Consumers aren’t warming up to electric vehicles like automakers thought they would. Some brands, like Mercedes-Benz, are watching their EV sales tumble. But it’s not all gloomy news on the EV front. GM’s third-quarter sales report shows that EVs are far from dead as it continues to expand its lineup of battery-electric vehicles.
GM sold 32,095 EVs between July and September this year, which is the automaker’s best quarter ever for these models. Sales were up 40 percent compared to Q2, when it delivered 21,930 EVs by comparison. GM only sold 16,425 EVs in Q1. Its share of the US EV market has also grown from 6.5 percent in Q1 to 9.5 percent in Q3.
A lot of this quarter’s success comes from the new Equinox EV. It’s now the automaker’s best-selling EV, making up nearly a third of GM’s Q3 EV sales—9,772—its first full quarter on sale. With sales up 21 percent from Q2, the Blazer EV was a close second at 7,998.
The Bolt EV, which ended production last year, accounted for just 168 sales last quarter, but Chevrolet is preparing to launch a similarly priced successor soon. Silverado EV sales were down from Q2 to Q3—2,196 to 1,995—but the automaker will launch a cheaper Silverado EV trim before the end of the year that should broaden its appeal and pump up those numbers.
GMC began to deliver the Sierra Denali EV Edition 1 last quarter, while the beastly Hummer enjoyed a 268.9 percent increase in 2024 Q3 sales compared to last year. The quarter accounted for nearly half of the EV’s total sales for the year. They’re up 632.1 percent, but that’s a big number because GMC only sold 1,216 SUVs and trucks from January to September 2023. The Hummer EV well on its way to cracking the 10,000 mark this year, though.
At Cadillac, the brand GM designated to lead its EV strategy, Lyriq sales are compared to 2023 even if they’re holding steady for the year. The Lyriq ended Q1 with 5,800 sales, followed by 7,294 in Q2. Q3 was slightly worse at 7,224. Those numbers won’t put the Lyriq on any year-end best-seller lists, but it is outselling other luxury EVs from BMW, Mercedes, Audi, and Lexus, with over 20,000 sales so far this year.

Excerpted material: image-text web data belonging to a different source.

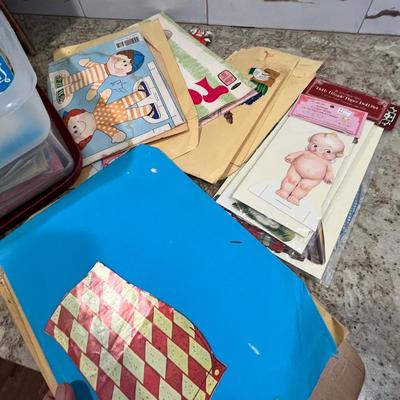 Lot 126 Paper Doll books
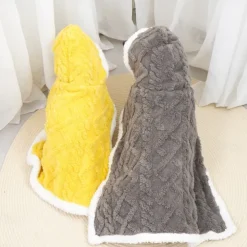 Dog Cat Pajamas Cloak Fashion Casual Winter Warm Breathable Soft Washable Comfortable Christmas Outdoor Casual Daily Dog Clothing for Bichon Frise Pomeranian Baby Pet Papillon Small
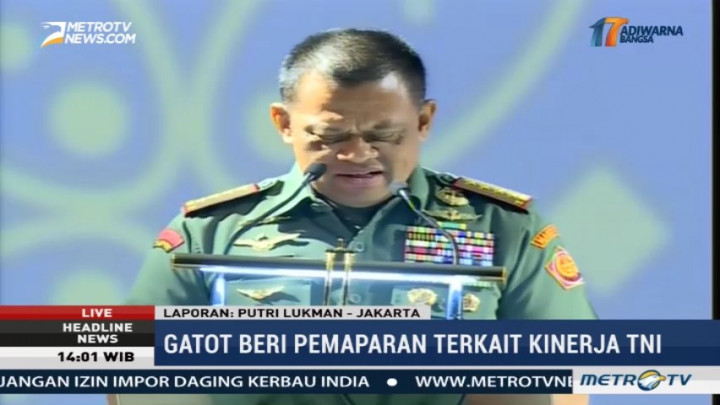 Panglima TNI Jadi Pembicara di Rakernas NasDem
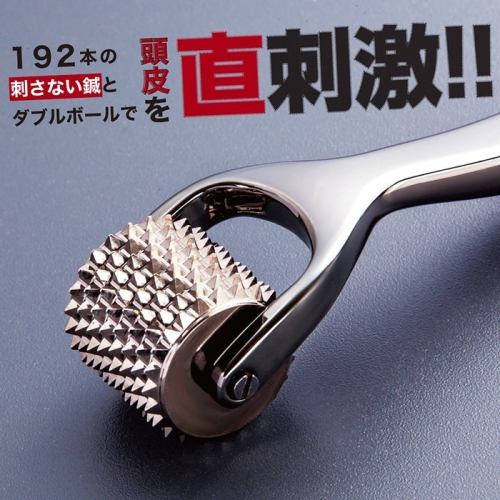 【日印 選物】ALPHAX ROLLER 日本 熱傳導 紓壓按摩器 紓壓 滾輪按摩 頭皮按摩 臉部按摩 現貨附發票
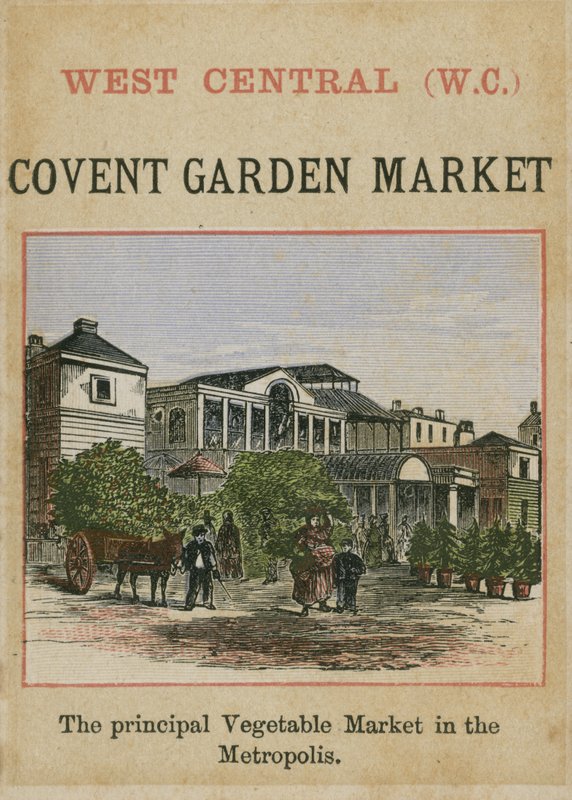 Marché de Covent Garden - English School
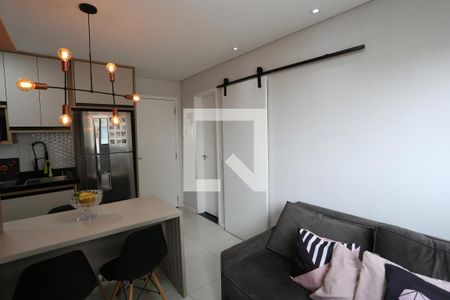 Sala de apartamento à venda com 2 quartos, 33m² em Vila Pierina, São Paulo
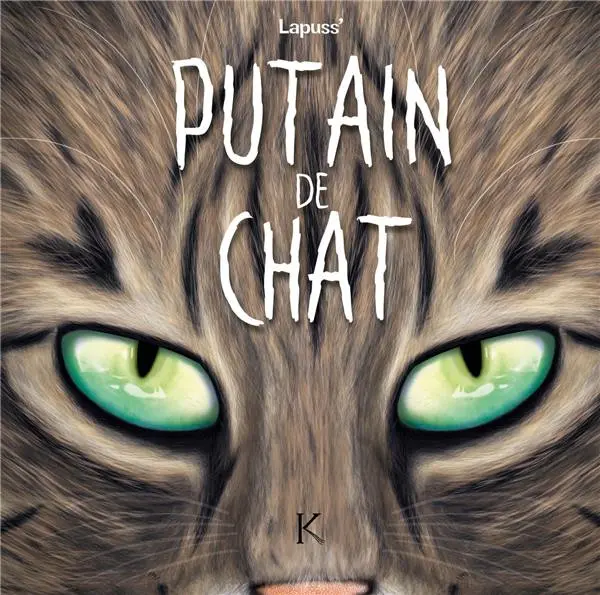Couverture de l'album Putain de chat 8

Cadillac will have two more EVs to offer customers by the end of the year—the Optiq and Escalade IQ. The Cadillac Vistiq joins the lineup next year, expanding the range of models available to consumers.
Wanning interest has forced some automakers to rejigger their EV roadmaps, delaying models while pushing back deadlines to fully convert to building battery-electric vehicles, which is also leading to some cheap lease deals from automakers that over-measured demand and are eager to move stagnating inventory.